#### EXERCISE AIM
Going from the top of the listing below to the line that holds "ボトックス注射 注射後", reproduce each line exactly; no pictures.

+--

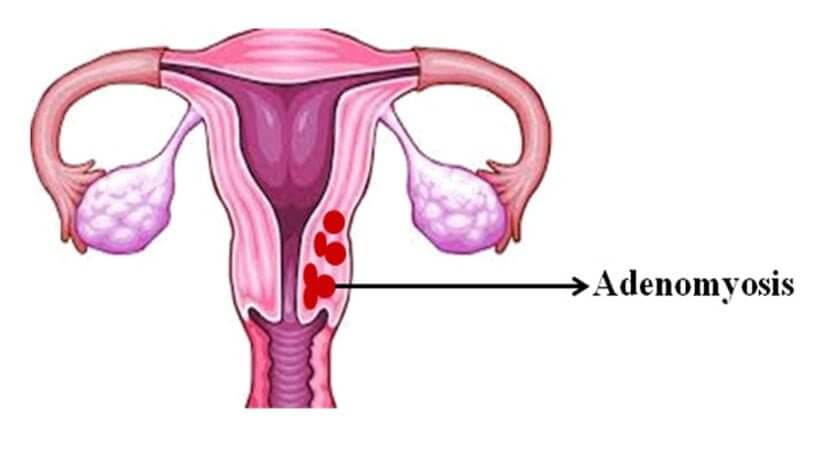 Adenomyozis Nedir? 1 Adenomyozis Nedir? 1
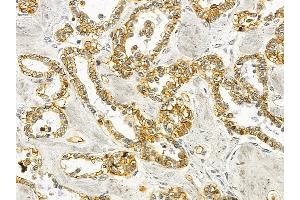 Annexin A2 Mouse Monoclonal Antibody at 1/100 staining human ovarian cancer by IHC-P. (Annexin A2 抗体  (Internal Region))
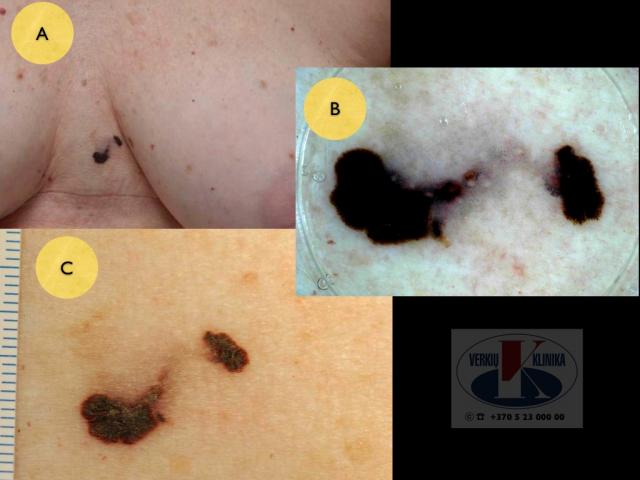 Paviršiumi plintanti (radialinė) melanoma, A. Breslow: melanoma in situ (Tis)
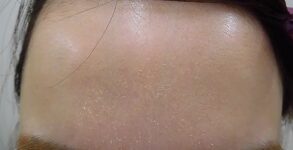 ボトックス注射 注射後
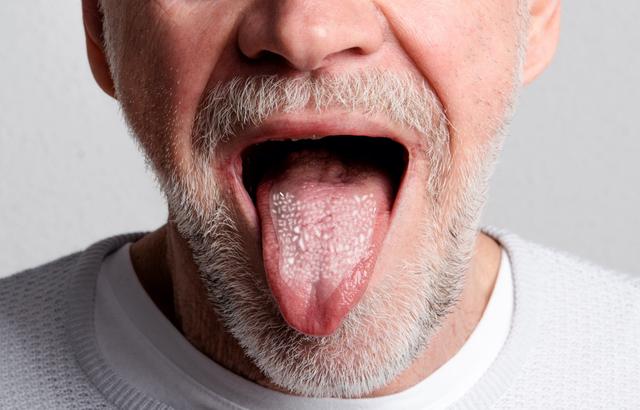 Effektive Maßnahmen gegen Pilzinfektionen im Mund durch die Verwendung von Cortisonspray Effektive Maßnahmen gegen Pilzinfektionen im Mund durch die Verwendung von Cortisonspray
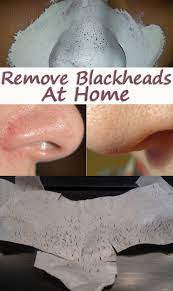 Remove Blackheads In A Natural Way My Little Beauty Corner Natural Treatments Beauty Recipe Health And Beauty Tips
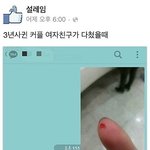 [공미니] 3년사귄 커플 <b>여자</b><b>친구</b>가 다쳤을<b>때</b>...
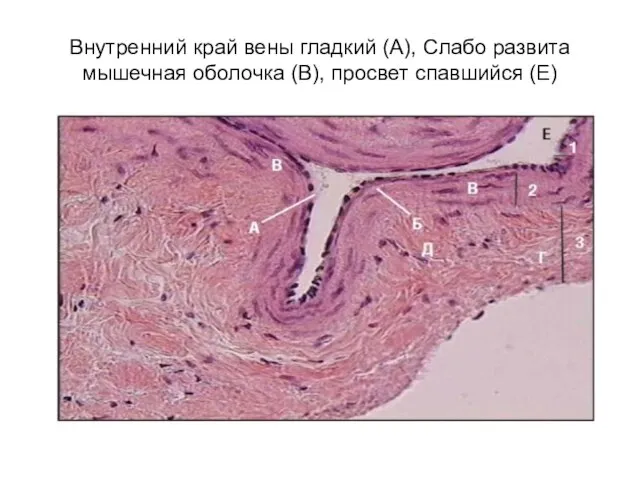Внутренний край вены гладкий (А), Слабо развита мышечная оболочка (В), просвет спавшийся (Е)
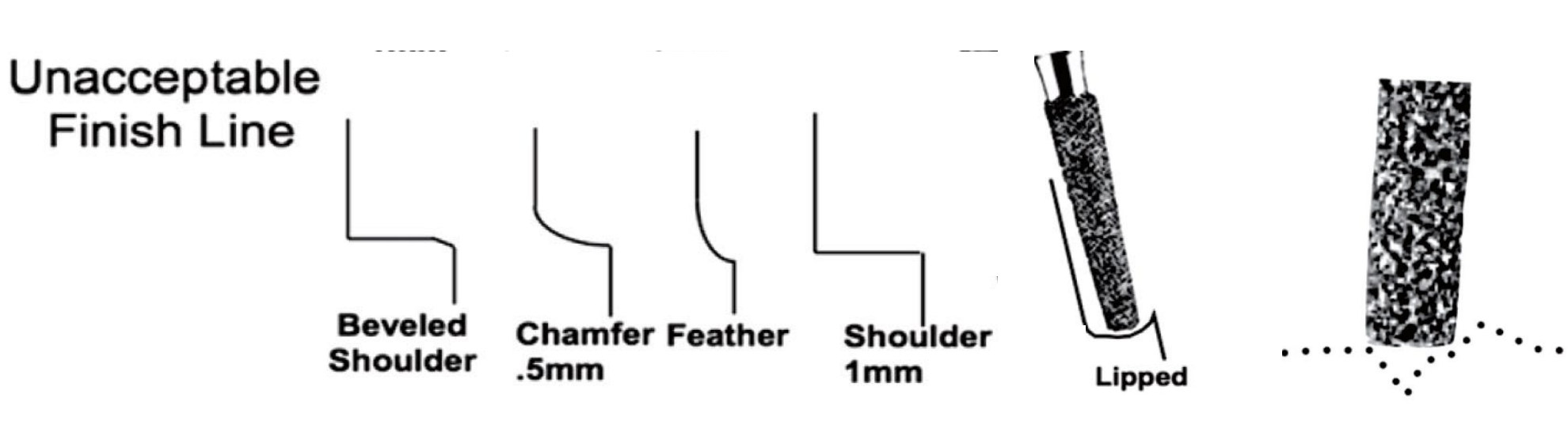 <ul><li><p>beveled shoulder </p></li><li><p>chamfer .5 </p></li><li><p>feather </p></li><li><p>shoulder 1 mm </p></li><li><p>lipped </p></li></ul><p></p>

+--

#### PROBLEM SOLUTION
 Adenomyozis Nedir? 1 Adenomyozis Nedir? 1
 Annexin A2 Mouse Monoclonal Antibody at 1/100 staining human ovarian cancer by IHC-P. (Annexin A2 抗体  (Internal Region))
 Paviršiumi plintanti (radialinė) melanoma, A. Breslow: melanoma in situ (Tis)
 ボトックス注射 注射後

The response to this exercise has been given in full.